Spanish MPs Want Long Lunch Breaks To End and a Return To GMT

Spanish MPs have called for a full debate on reducing traditionally long lunch breaks and returning to GMT in order to improve productivity and quality of life in a country mired in recession and suffering from chronic unemployment.

A parliamentary panel has now voted through a report by the Subcommission on Rationalising Working Hours, which noted that many workers take breaks of two hours or more in the middle of the working day, “a singular working practice, which is nothing like the rest of Europe.”

“A working day split up by an excessive lunch break needlessly adds to the hours workers spend away from home, with a consequent drop in their productivity,” the report concluded.

The Organisation for Economic Co-operation and Development estimates that while Spaniards, on average, work considerably more hours than in Eurozone powerhouse Germany, they produce much less.

Long breaks hark back to the days when farm workers had to take refuge from scorching midday heat, many people needed to juggle two jobs to make ends meet, and most women worked at home.

Another anachronism targeted by the panel was that Spanish clocks are up to three hours out of synch with daylight because Spain adopted Central European Time in 1942, when the government of the day sympathised with Nazi Germany.

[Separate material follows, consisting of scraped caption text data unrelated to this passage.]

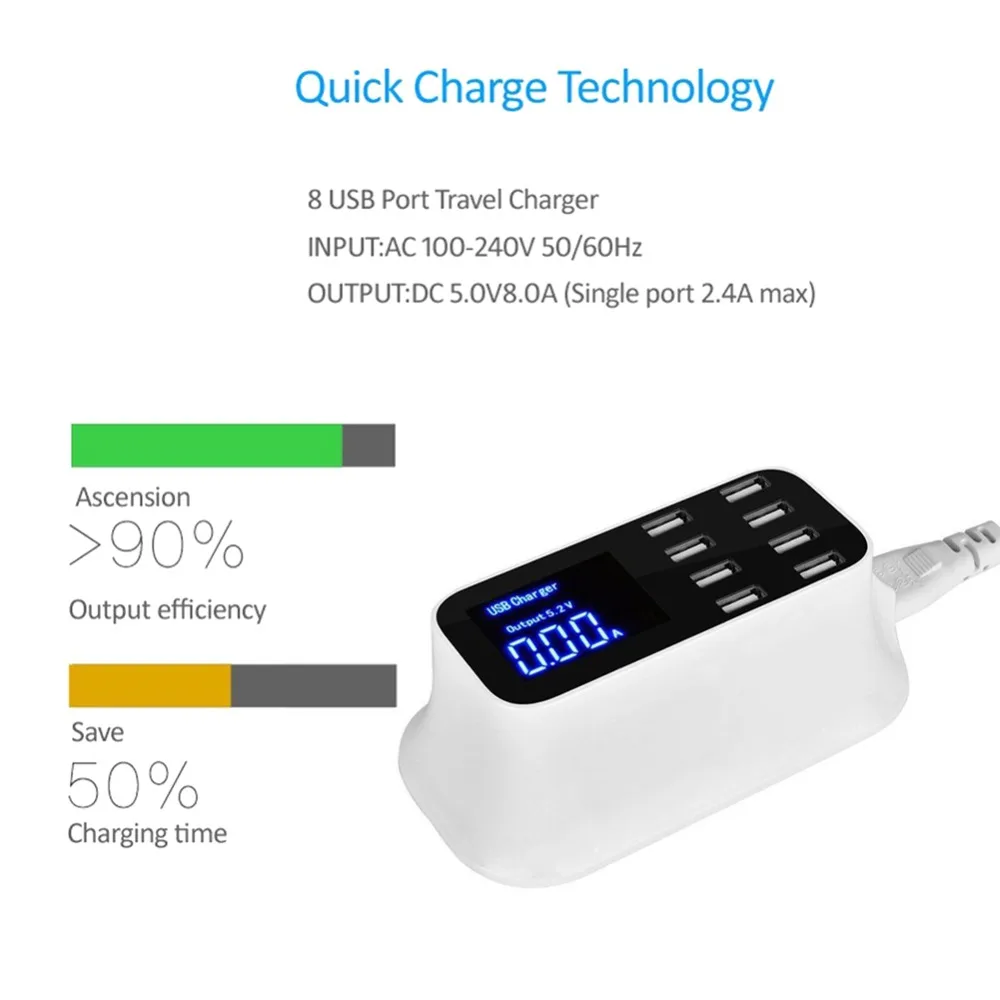 العالمي 8 ميناء الذكية USB مهايئ شاحن محطة Hub Led عرض المحمول هاتف لوحي الجدار شاحن سطح المكتب الطاقة المقبس الاتحاد الأوروبي التوصيل العالمي 8 ميناء الذكية USB مهايئ شاحن محطة Hub Led عرض المحمول هاتف لوحي الجدار شاحن سطح المكتب الطاقة المقبس الاتحاد الأوروبي التوصيل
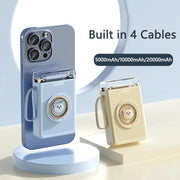 Mini Cute Built-in Cable LED Powerbank
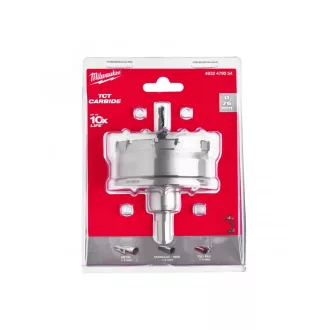   MILWAUKEE TCT kruhový vykružovač 76 mm s trojbodovým upínaním nerez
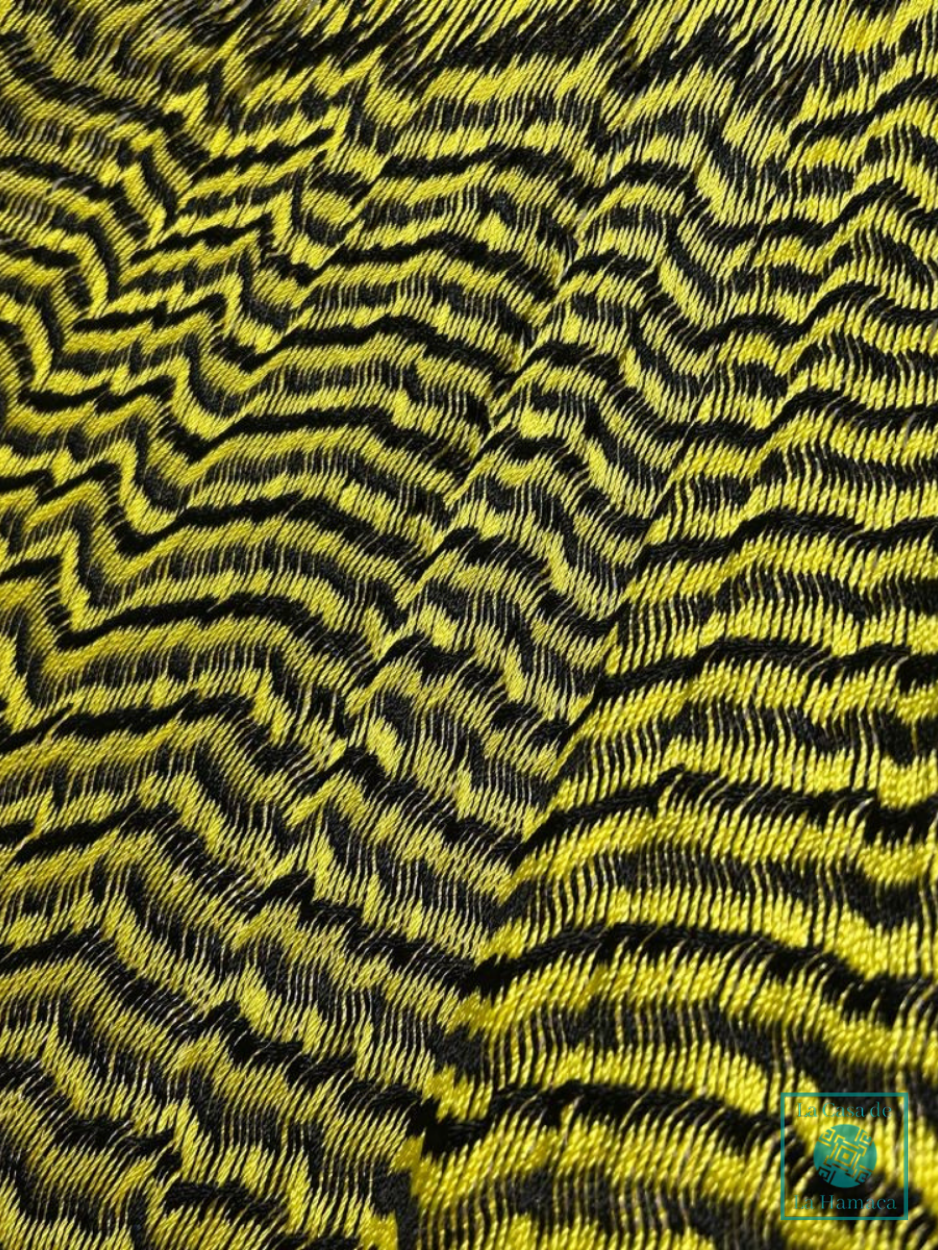 Hamaca Yucateca Artesanal Hilo 18 Nylon Amarillo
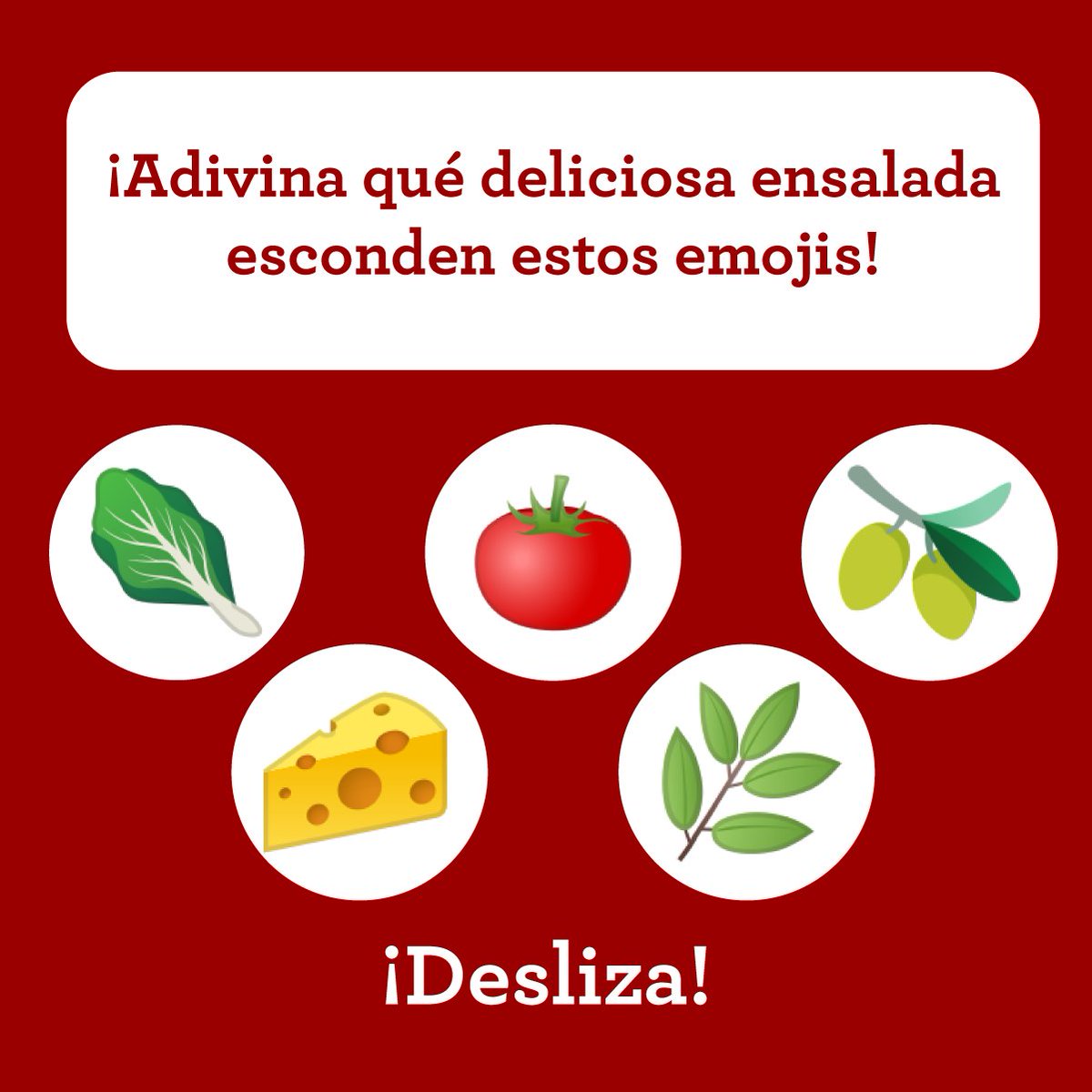 AutogrillIberia's tweet photo. ¡Hoy te traemos lo mejor de la huerta! Si eres capaz de averiguar qué plato preparamos con estos 5 ingredientes, escríbenos en los comentarios ✨
#AutogrillTeAcompaña #FeelingGoodOnTheMove #HappyTravelers #Travel #Ensalada #HealthyFood https://t.co/kU2gnAIDSZ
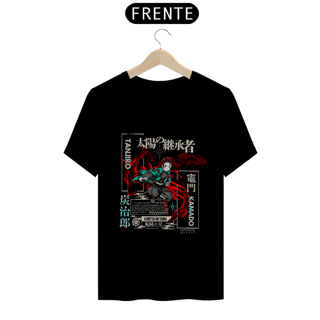Nome do produto Camiseta  Kimetsu no Yaiba - Tanjiro dark colors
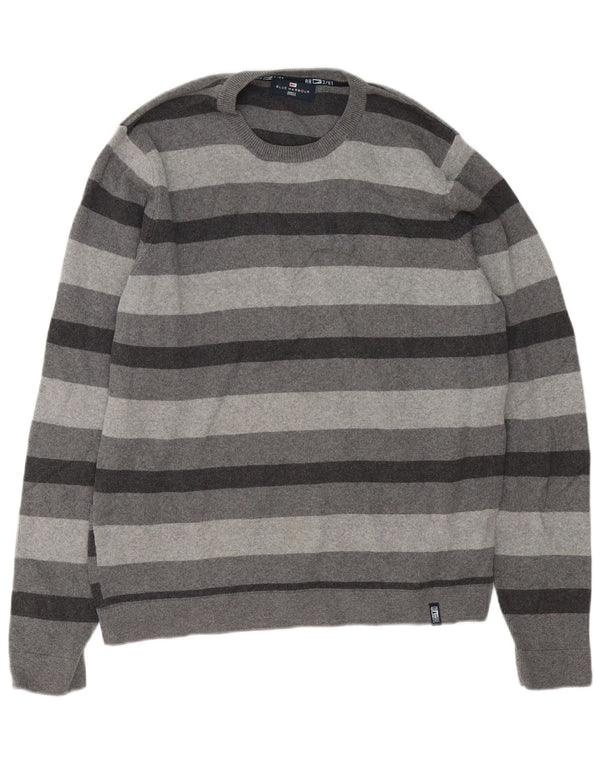 Maglione maglione girocollo da uomo Marks & Spencer blu Harbour grande grigio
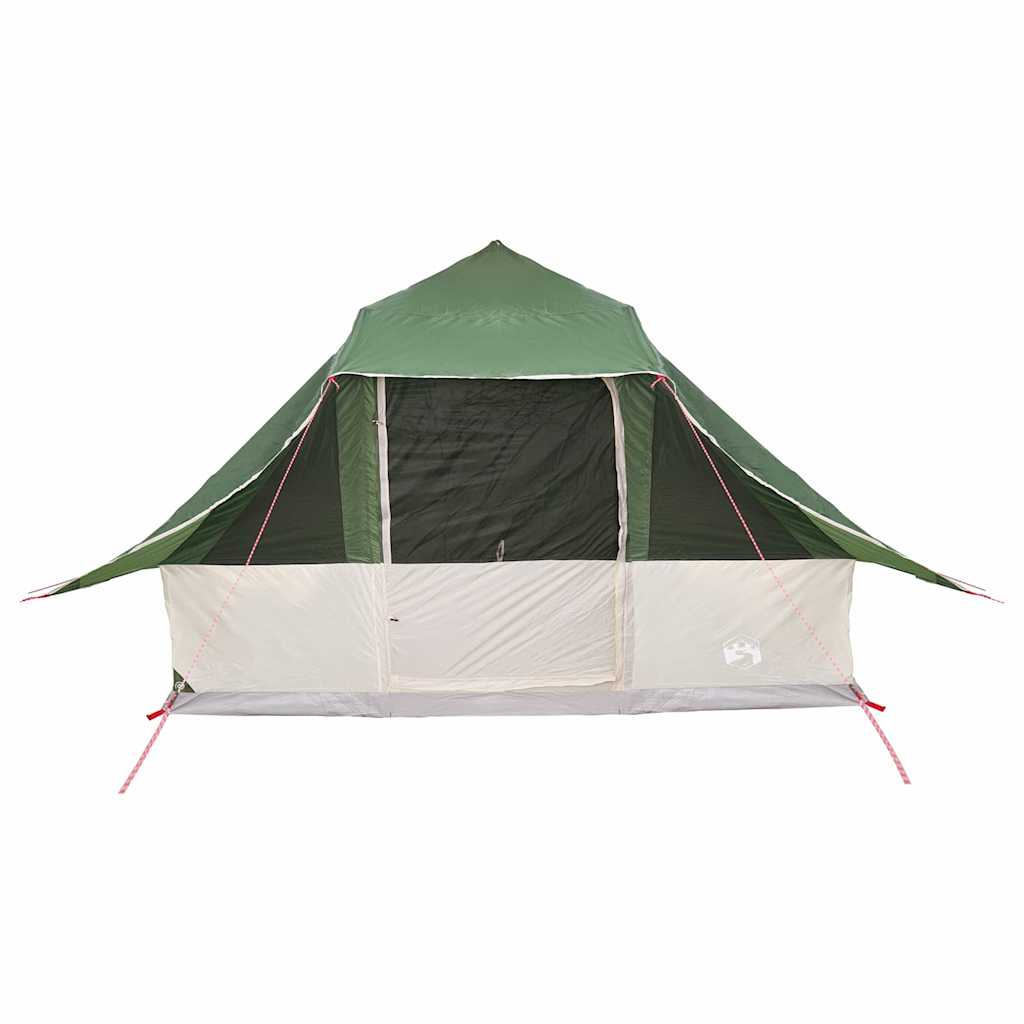 vidaXL Namiot Tipi z dachem Zielony 364 x 281 x 257 cm tafta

“The fact Spain hasn’t had a suitable time zone for more than 71 years means we get up too early and sleep an hour less than recommended by the World health Organisation,” the panel added. “As well as productivity, this has a negative impact on absenteeism, stress, accident rates and school drop-out levels.”

In order to help people get a good night’s sleep, MPs have also recommended that state broadcasters end prime time programming by 11 p.m.